Wednesday, December 7, 2016

Best Word Ever!

In Honor of this being my last Honor's Blog Posting I found the most absolutely fabulous word:
Honorificabilitudinitatibus 

which is pronounced as /anɛrɛɪfɪkɛˈbɪlɪtjuɪnætɪbɛs/.

Shakespeare used this word in his play "Love's Labour's Lost"

“O, they have lived long on the alms-basket of words. I marvel thy master hath not eaten thee for a word; for thou art not so long by the head as honorificabilitudinitatibus: thou art easier swallowed than a flap-dragon.” 

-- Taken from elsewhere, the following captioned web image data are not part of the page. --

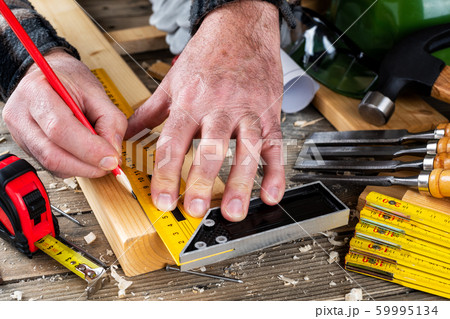 Craftsman at work on wooden boards. Carpentry. 59995134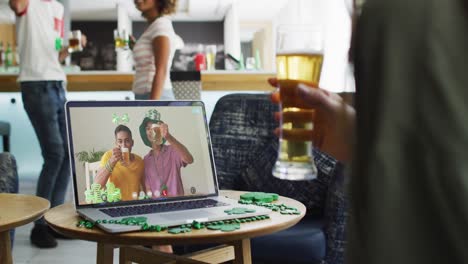 Woman having beer on laptop video call celebrating st patrick&#039;s day with friends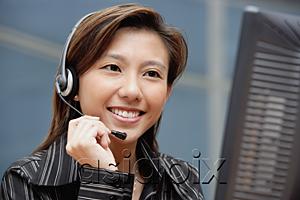 AsiaPix - Female executive with hands free device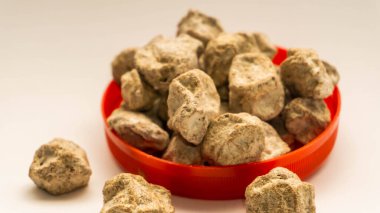 Bir yığın çiğ Asam Boi ya da beyaz arka planda kırmızı kasede ekşi erik. Genellikle atıştırmak ve içki yapmak için kullanılır..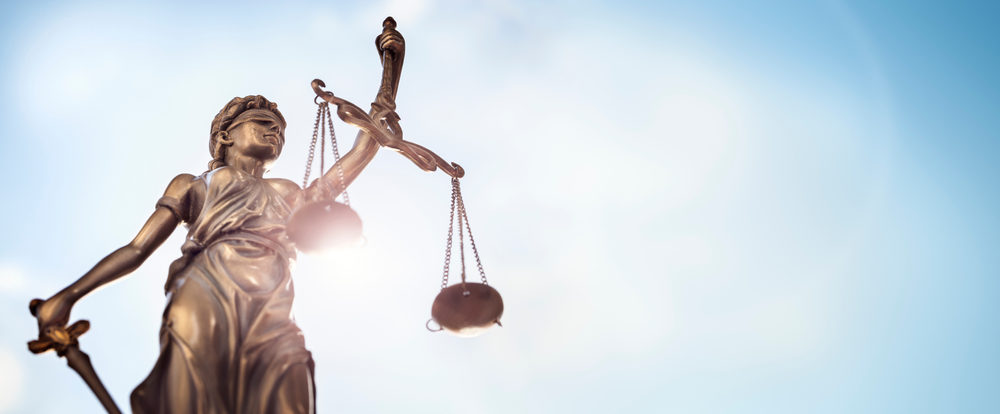 statue of Lady Justice with scales of justice and sky background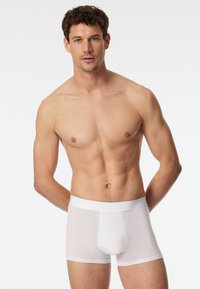 Boxer-briefs blancs en coton avec une taille élastique douce et une texture lisse. La coupe ajustée améliore le confort et le soutien.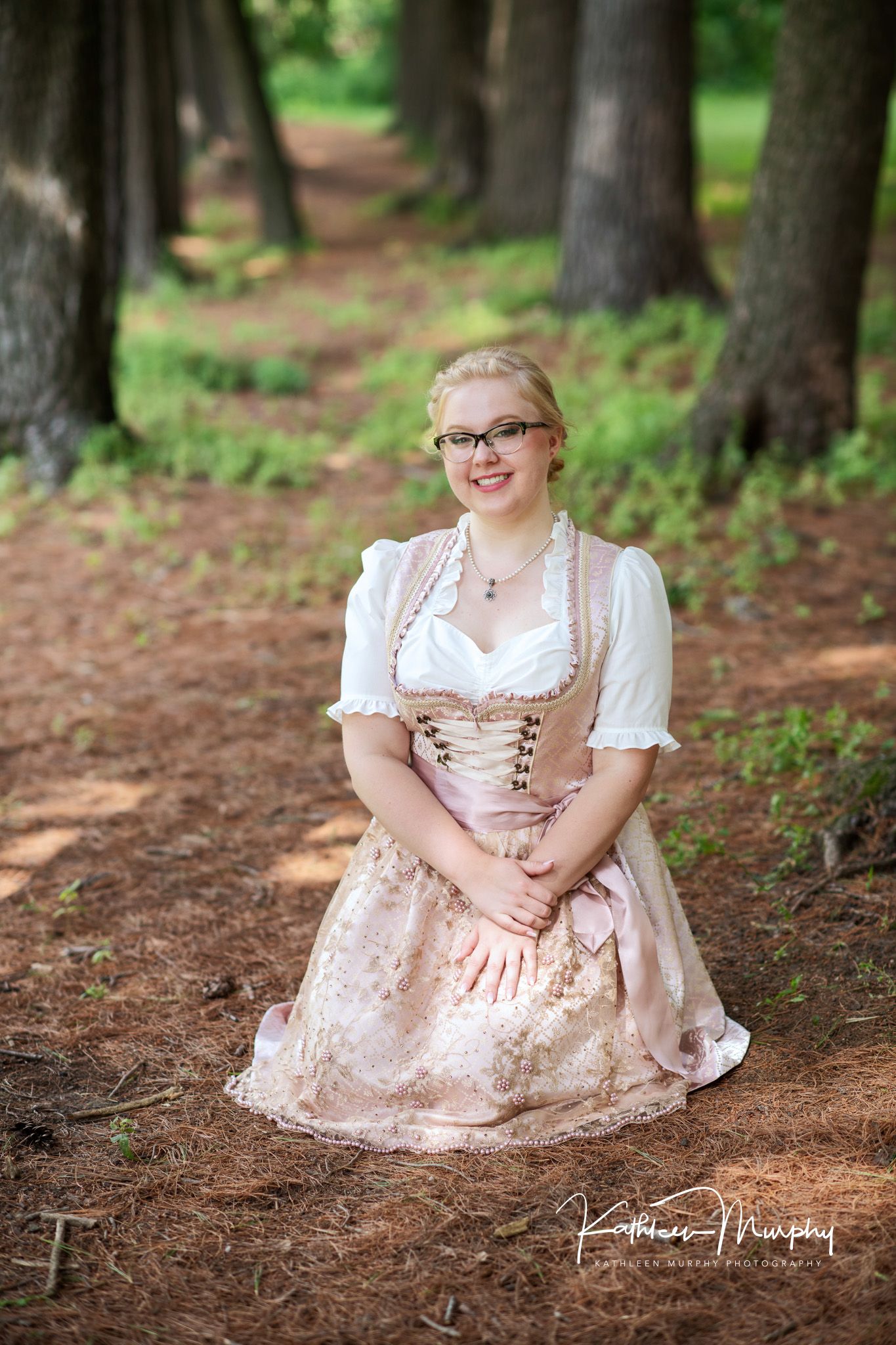 Kathleen Murphy Photography picture of a girl in a dirndl dress in a grove of pines.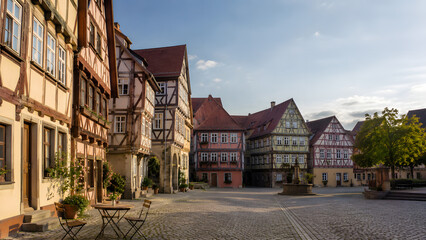 Obraz premium Picturesque generic German half-timbered Fachwerk old town market square with colorful crooked timber-framed houses and cobblestone pavement under soft late afternoon light.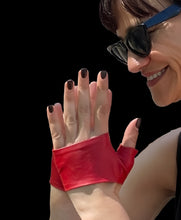 Load image into Gallery viewer, Woman with sun glasses smiling and showing her hands wearing Lamia Design handmade Red mini Gloves 
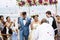 Cheerful newlyweds at beach wedding ceremony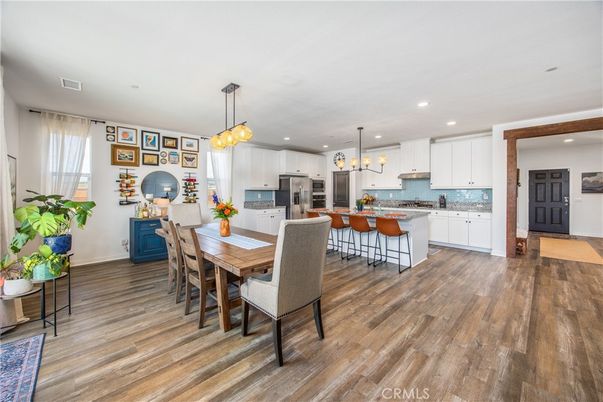 Dining room, Interior, Kitchen, Pendant Lights, Recessed Lighting, Stainless Steel Appliances, Wood Texture Flooring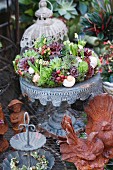 Decorative wreath of succulents with sempervivums on metal stand behind rust bird figurines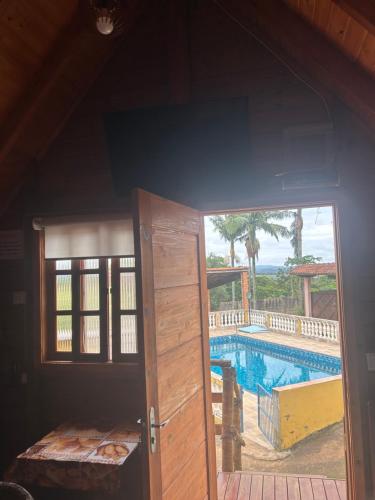 a door leading into a room with a swimming pool at Chalé do Carlos in Ibiúna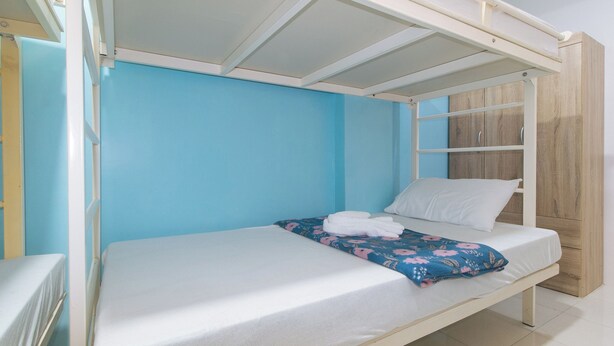 A bunk bed with a white mattress and a floral blanket, a white pillow, and a wooden wardrobe against a blue wall. - Catlea Inn (Pasay)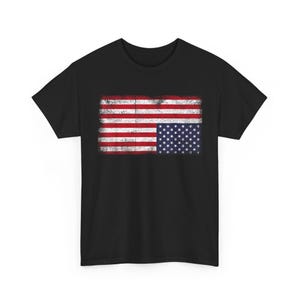 Puede incluir: Camiseta negra con un diseño desgastado de la bandera estadounidense. El gráfico de la bandera incluye rayas rojas y blancas y un campo azul con estrellas blancas. La camiseta es de cuello redondo.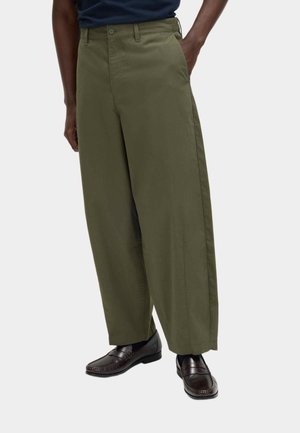 Persoon draagt wijde olijfgroene broek, zwarte sokken, donkerbruine leren loafers en een donkerblauw overhemd in de broek gestopt.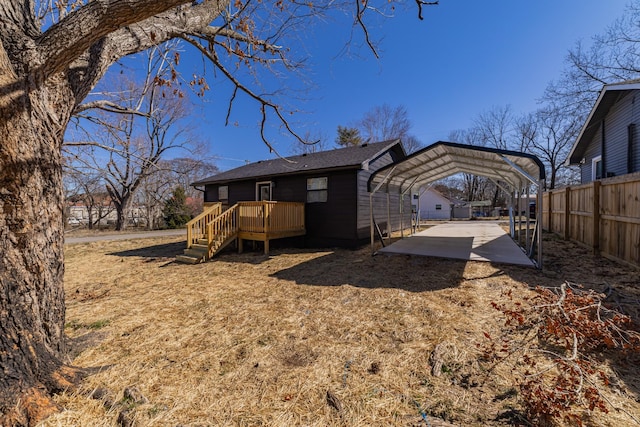 rear view of house featuring a carport, fence, a deck, and dirt driveway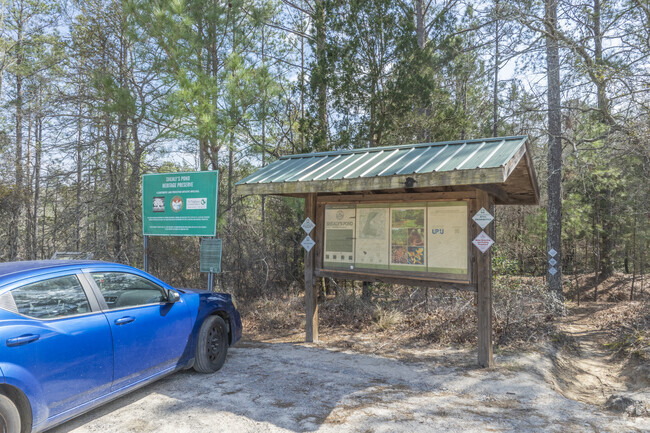 Shealy’s Pond Heritage Preserve offers a peaceful retreat with scenic walking trails and native wildlife.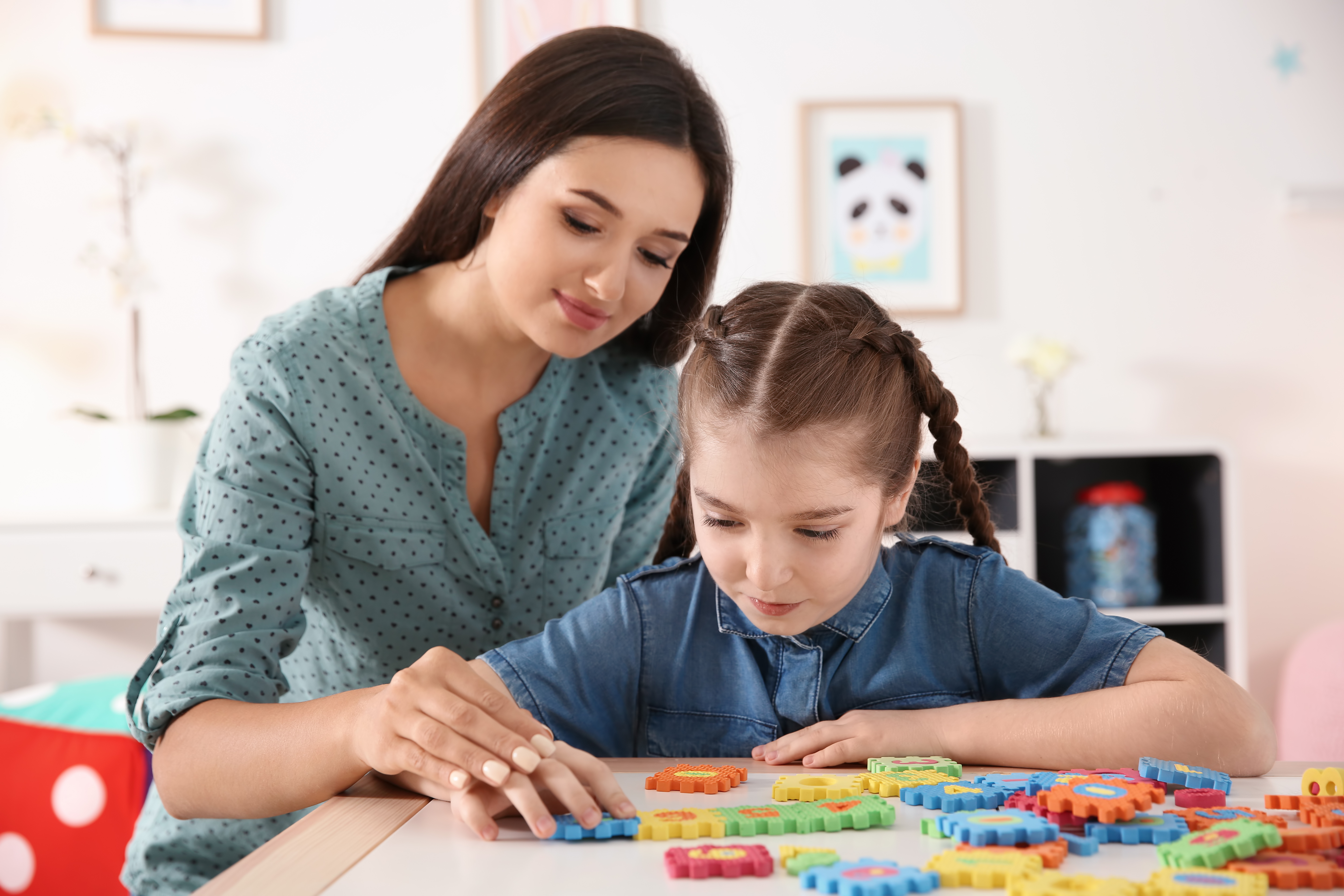 A student works on a colorful puzzle as her caring RBT looks on and assists.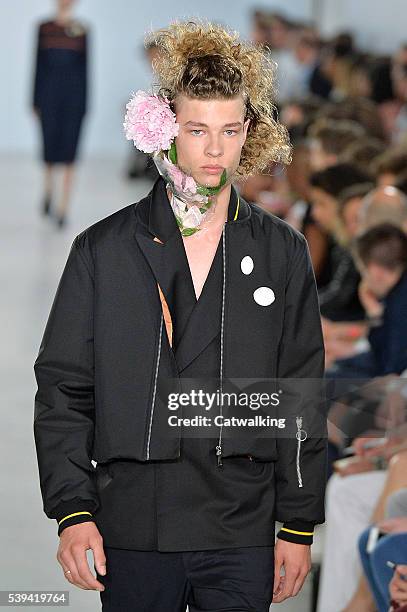 Model walks the runway at the Agi & Sam Spring Summer 2017 fashion show during London Menswear Fashion Week on June 11, 2016 in London, United...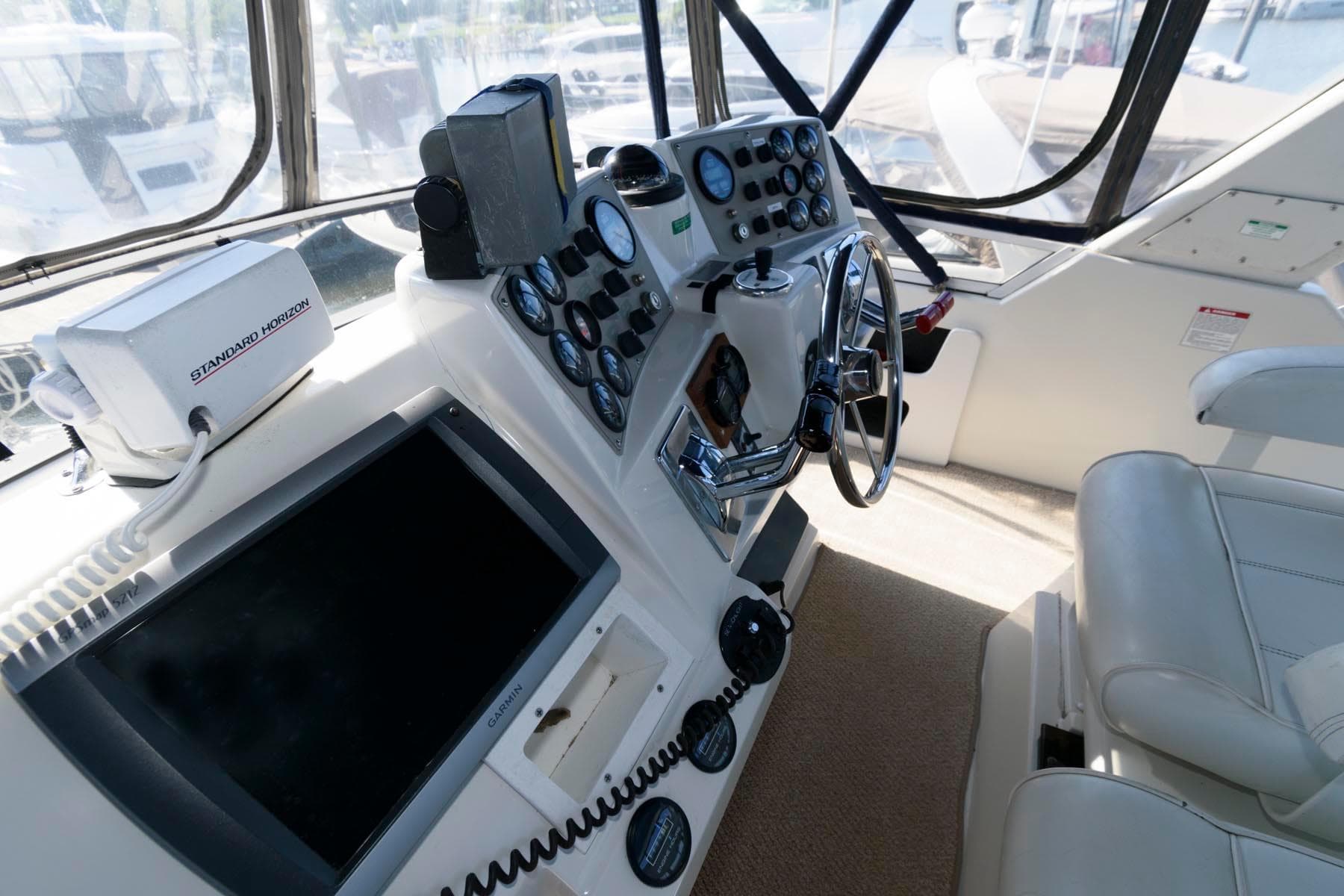 Interior view of 1997 Carver 400 Cockpit Motor Yacht helm.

Shakespear did not create the word, it first appears — in the Latin form honōrificābilitūdo in the 1187 and then takes in the Italian form honōrificābilis in the late 1300's. Both words mean honorable. 

Shakespeare is not the only late great to use this little gem, James Joyce used it in his novel "Ulysses" 

"Like John o'Gaunt his name is dear to him, as dear as the coat and crest he toadied for, on a bend sable a spear or steeled argent, honorificabilitudinitatibus, dearer than his glory of greatest shakescene in the country."

More recently the U.S. News & World Report, in 1993, used the original form of the word when addressing a debate going on in the world of Scrabble:

"Honorificabilitudinity and the requirements of Scrabble fans dictated that the New Shorter Oxford English Dictionary's makers be open-minded enough to include dweeb (a boringly conventional person), droob (an unprepossessing or contemptible person, esp. a man), and droog (a member of a gang: a young ruffian)."


By far the greatest fact about Honorificabilitudinitatibus is that it is the longest word that alternates constants and vowels from beginning to end.